Feyzaver Alpsar:
"Sağ olsun sayın Aliyev,
bunu Türk
Kültürü'nün büyük mütefekkiri
atam için
sevinçle karşıladım"
Ali bey Hüseyinzade ve Son Yadigarı
Feyzaver Turan Alpsar'ın Asaleti ve Liyakat Nişanı
Son 15 yıldır sık sık birlikte olduğumuz zarif ve narin yapılı bir insan olan Feyzaver Hanım artık 99 yaşından gün almakta. Evinin duvarları atasının , ağabeysinin ve kendi eserleri ile süslenmiş. Belli ki hala onlar ile yaşıyor. Ablası Seyide Hanım ile Ağabeysi Selim Turan ata-dede yurdu Salyan'ı ziyaret etmişler ama ne yazık ki Feyzaver Hanım onlarla birlikte olamamış. Son yıllarda ise bu arzusuna bozulan sağlığı izin vermemiş.
Feyzaver Hanım ataları Ali bey Hüseyinzade'nin kendilerine çok şey anlatmadığını ancak günlük yaşantılarında Azerbaycan ve akrabaları hakkında bilgi aldıklarını ve bir çok ayrıntıyı yakın dostları ve ziyaretçilerinden öğrendiklerini ifade ediyor. Bu dostlar arasında Ahmet Ağaoğlu ve yakın akrabaları Sadık Paşa Ağabeyzade gibi insanların başta geldiğini heyecanla anlatıyor. Bunlar arasında benim de tanıdığım eski sağlık bakanlarından, şimdi Tefekkür Üniversitesi'nin rektörü olan dostum Rahim Hüseyinov'un da (Hüseyinzade) olduğunu öğreniyorum.
Son yıllarda ablası ve ağabeyini yitirince iş başa düşmüş evdeki eserlere sahip olmak ve onları korumak sorumluluğunu yüklenmiş. Selim Turan'ın eserleri ailesi tarafından İstanbul Üniversitesi'ne bağışlanınca atasının ve kendisinin eserlerinin akibetini düşünmeğe başlamış. Çok sayıda ziyaretçilerinden değişik kuruluş ve mekanlar teklif edilmişse de bir türlü içine yatmamış. Neredeyse son on beş yıldır bana da fikrimi sorup sık sık "ne yapmalıyız" diye endişelerini dile getirmekteydi. "Henüz sizin gönlünüze yatan bir fikir yok, acele etmeden birlikte araştıralım" diyerek birlikte düşünmeye devam ettik. Onunla her görüşmemizde adım adım bilgilendirip Azerbaycan hakkında tanıtıcı bilgiler verdik. Ziyaretçiler arasında onu üzenler olduysa da bunların istenmeden yapılmış kişisel hatalar olduğunu söyleyip kapatmağa çalıştık. Sonunda onun yüreğinde bir ata yurdu sevgisi oluştu ve kan çekmeğe başladı. Yavaş yavaş gönlü de bu fikre alıştı.

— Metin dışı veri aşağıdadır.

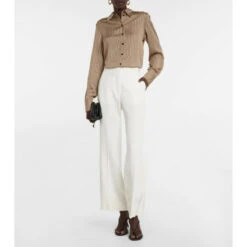 Victoria Beckham High-rise Pants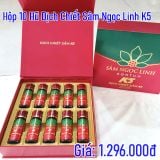  TPBVSK Dịch chiết sâm Ngọc Linh K5 - 50ml - 10 chai/hộp 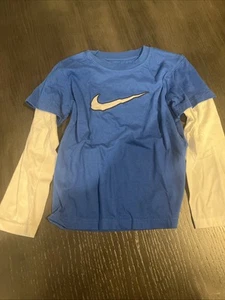 Nike Long Sleeve T-shirt Size 6 - Picture 1 of 3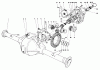 Mähdecks 30721 - Toro 72" Side Discharge Mower (SN: 500001 - 599999) (1985) Ersatzteile DIFFERENTIAL ASSEMBLY-43-7630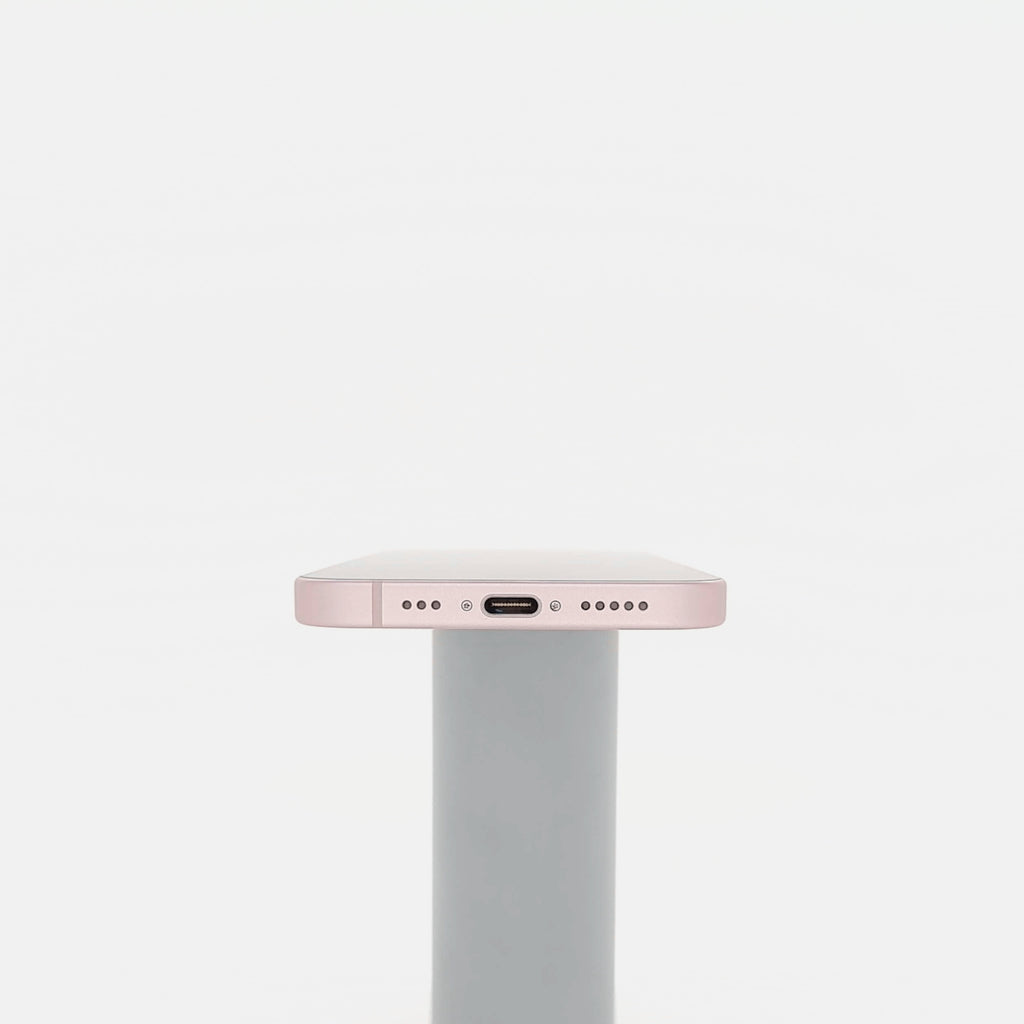 95新 Apple iPhone 15 128G 粉紅色 中國大陸版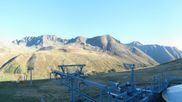 Archived webcam image showing Kühtai - Top station Wiesbergbahn on 23 Sep 2026 at 08:34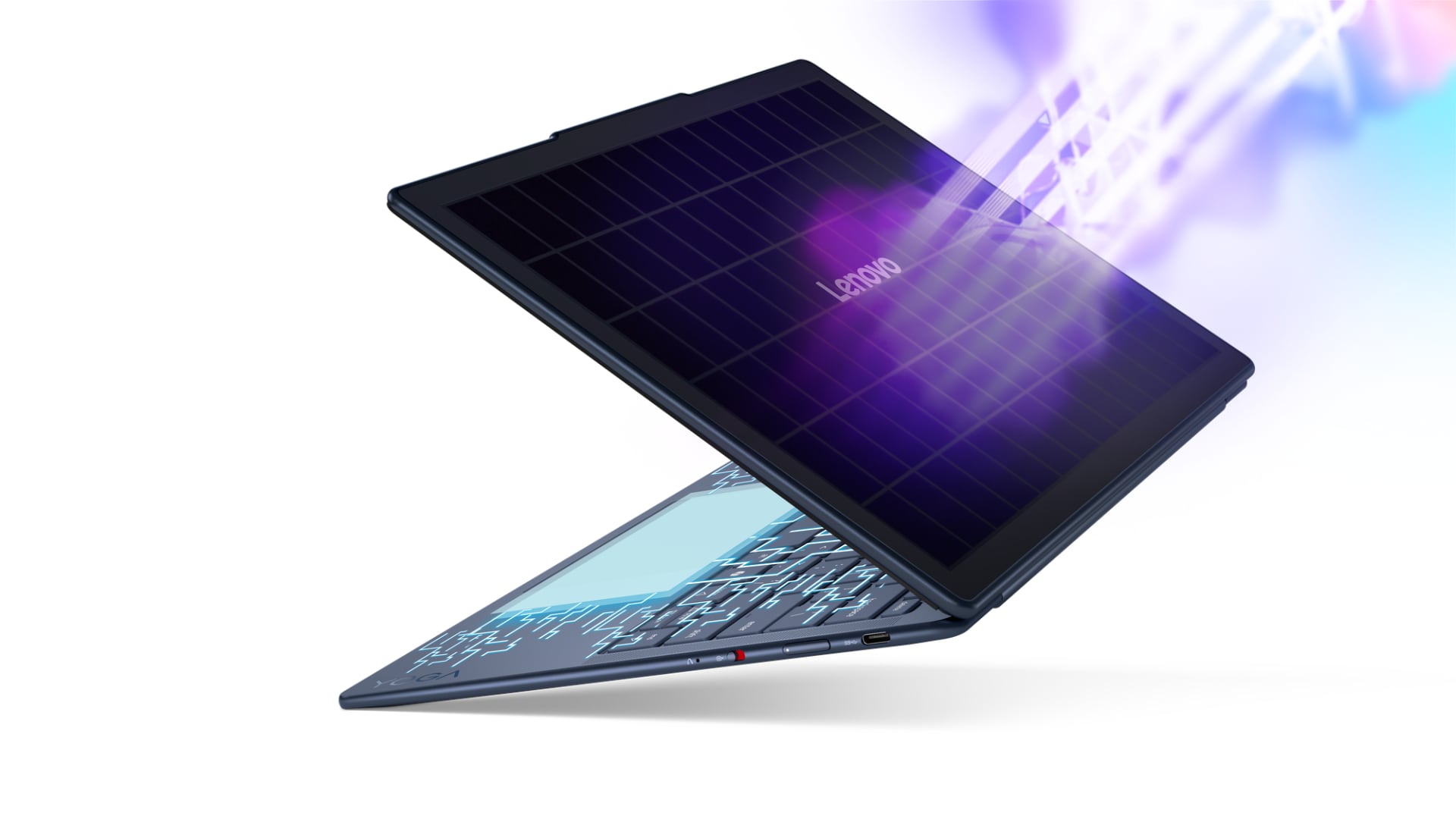 Yoga Solar PC: un portátil que funciona con energía solar Yoga Solar PC: un portátil que funciona con energía solar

Bir gün beni telefonla arayıp çay içmeğe davet etti ve sohbetimiz sırasında "senin de istediğin oldu" Azerbaycan en iyisidir; atamın ruhu da şad olur, kararımı verdim ama işin şeklini ve düzenlemesini size bırakıyorum, siz karar verip yapacaksınız dedi.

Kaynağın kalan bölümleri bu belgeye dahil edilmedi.